About AI coding assistant demo #11

Closed skye95git closed 2 years ago

skye95git commented 2 years ago

Hi, the newly added AI coding assistant demo is cool! I have a few questions about it:

  1. Did you make the codeT5 model into VS Code plugin? How did you do that?

  2. When demonstrating code generation, editing the comment generates the corresponding code snippet. Aren't the inputs to the code generation model natural Language Description and class Environment?

    捕获

The format of the data in the Concode dataset is

{
    "code": "int function ( double [ ] arg0 , double [ ] arg1 ) { int loc0 = arg0 . length - arg1 . length ; outer : for ( int loc1 = 0 ; loc1 <= loc0 ; loc1 ++ ) { for ( int loc2 = 0 ; loc2 < arg1 . length ; loc2 ++ ) { if ( ne ( arg0 [ loc1 + loc2 ] , arg1 [ loc2 ] ) ) { continue outer ; } } return ( loc1 ) ; } return ( - 1 ) ; }",
    "nl": "searches for the first subsequence of a that matches sub elementwise . elements of sub are considered to match elements of a if they pass the #eq test . concode_field_sep double max_ratio concode_elem_sep double min_ratio concode_elem_sep boolean off concode_field_sep boolean isElemMatch concode_elem_sep int compare concode_elem_sep boolean isSubset concode_elem_sep boolean ne concode_elem_sep boolean lt concode_elem_sep boolean gte concode_elem_sep void set_rel_diff concode_elem_sep boolean eq concode_elem_sep boolean lte concode_elem_sep boolean gt"
}

Is it possible to generate accurate code snippet by typing only comments without class Environment? Doesn't the loss of context information affect the quality of the generated code?
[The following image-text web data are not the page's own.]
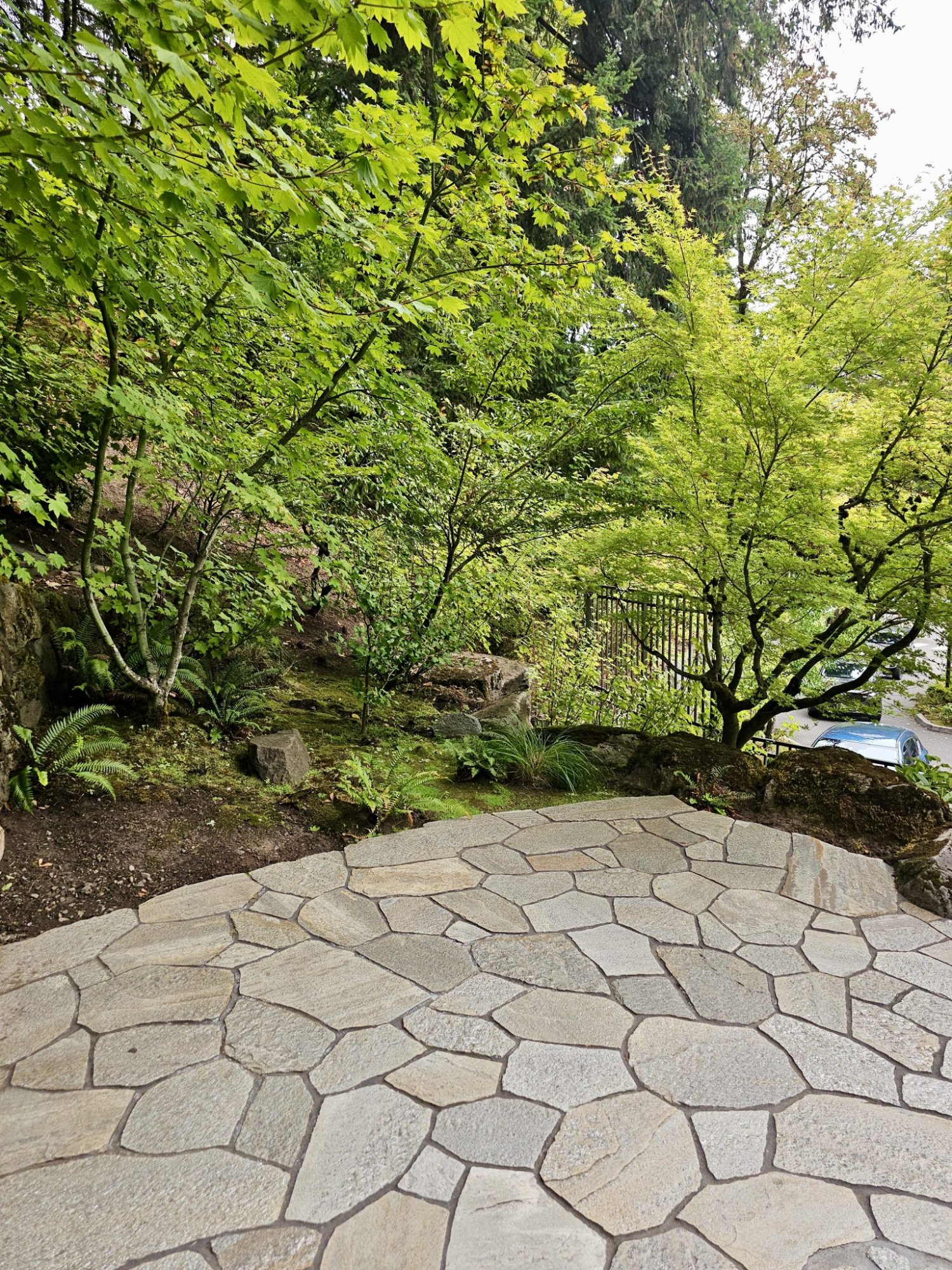 Natural stone crazy-paving terrace (1)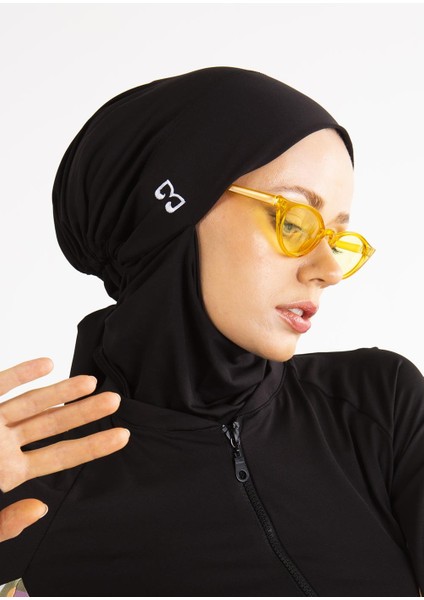 Beyaz Logo Nakışlı Tesettür Bone
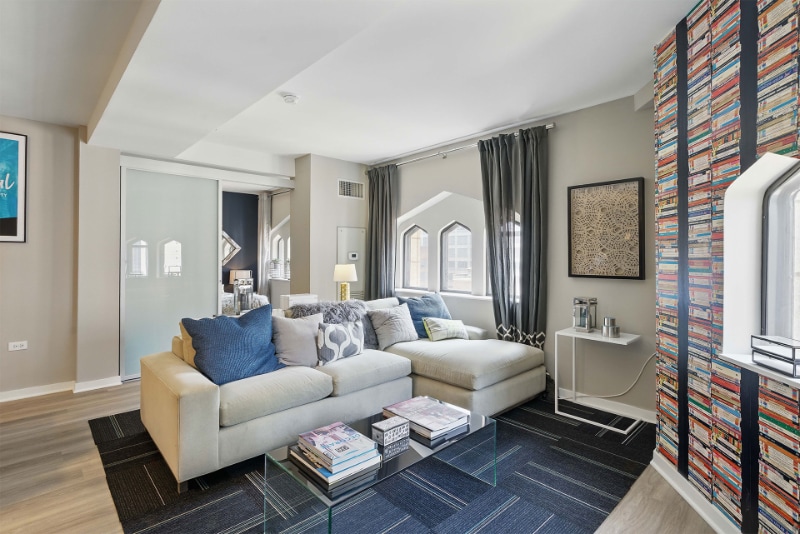 Building Photo - 185 W Randolph St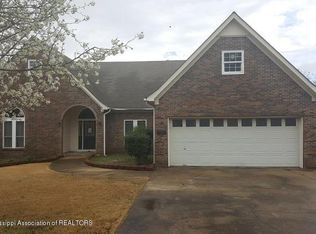 119 Fox Meadows Rd, Batesville, MS 38606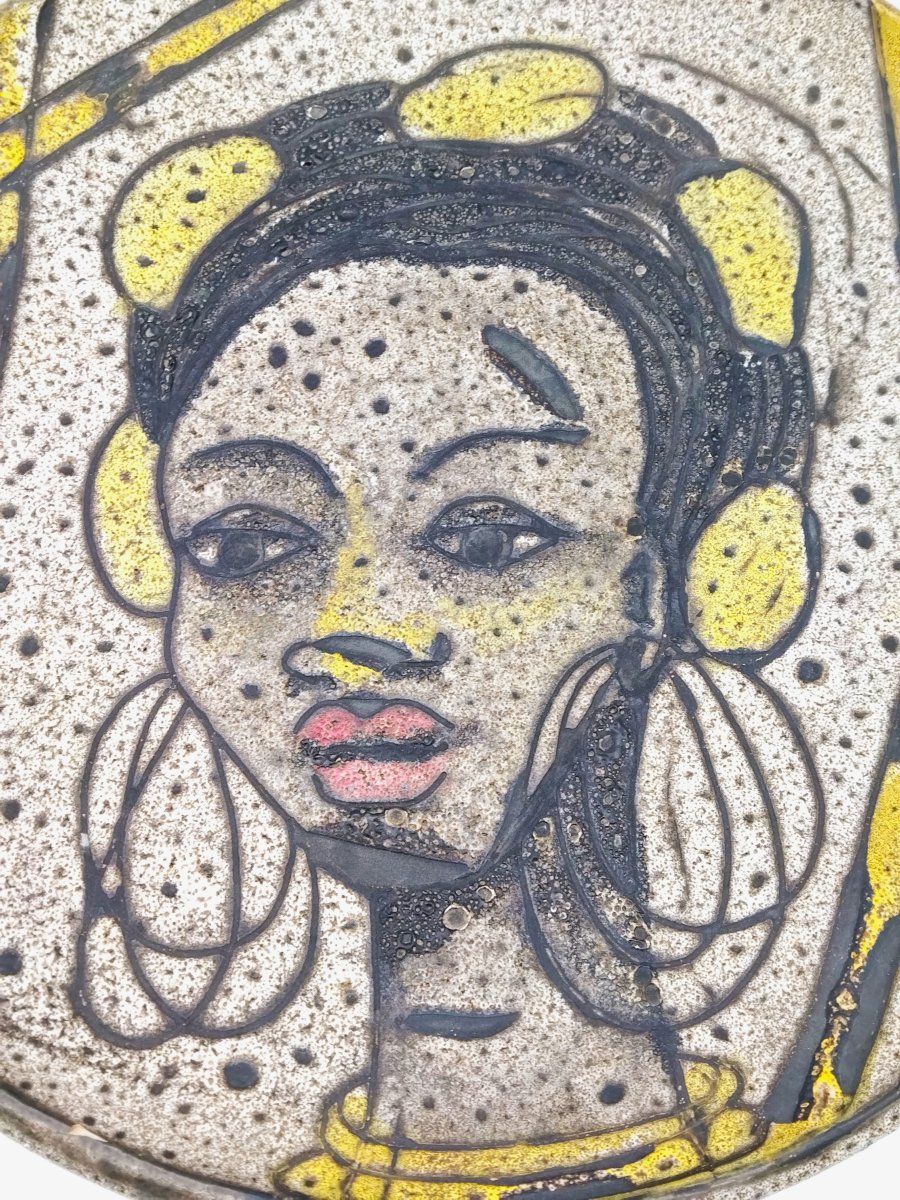Vallauris Large Decorative Platter With African Head, Vintage Earthenware Signed Bessone -photo-3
yuewang-cuhk commented 2 years ago

Hey there,

Yes, I make a CodeT5 demo as a VS code plugin. We first run the model on the GCP and expose it as a web service, which is then integrated into the VS Code extension. Please refer to this online tutorial for more details.

For the demo of code generation, the source input is only the natural language description. We fine-tune another CodeT5 model for this on our customized Apex dataset, which is not the Concode data and has no env variables.

skye95git commented 2 years ago

Hey there,

Yes, I make a CodeT5 demo as a VS code plugin. We first run the model on the GCP and expose it as a web service, which is then integrated into the VS Code extension. Please refer to this online tutorial for more details.

For the demo of code generation, the source input is only the natural language description. We fine-tune another CodeT5 model for this on our customized Apex dataset, which is not the Concode data and has no env variables.

Thanks for your reply! Is your customized Apex dataset public? If not, is it convenient to give an example of the data format?

skye95git commented 2 years ago

@yuewang-cuhk Hi, the output of the model appears to be token level:

void function ( ) { TSTNode loc0 = root ; while ( loc0 != null ) { if ( loc0 . data . equals ( data ) ) return ; loc0 = loc0 . left ; } }

How do you try out the full readable output in the AI coding assistant demo? Is it also implemented with your customized Apex dataset?

捕获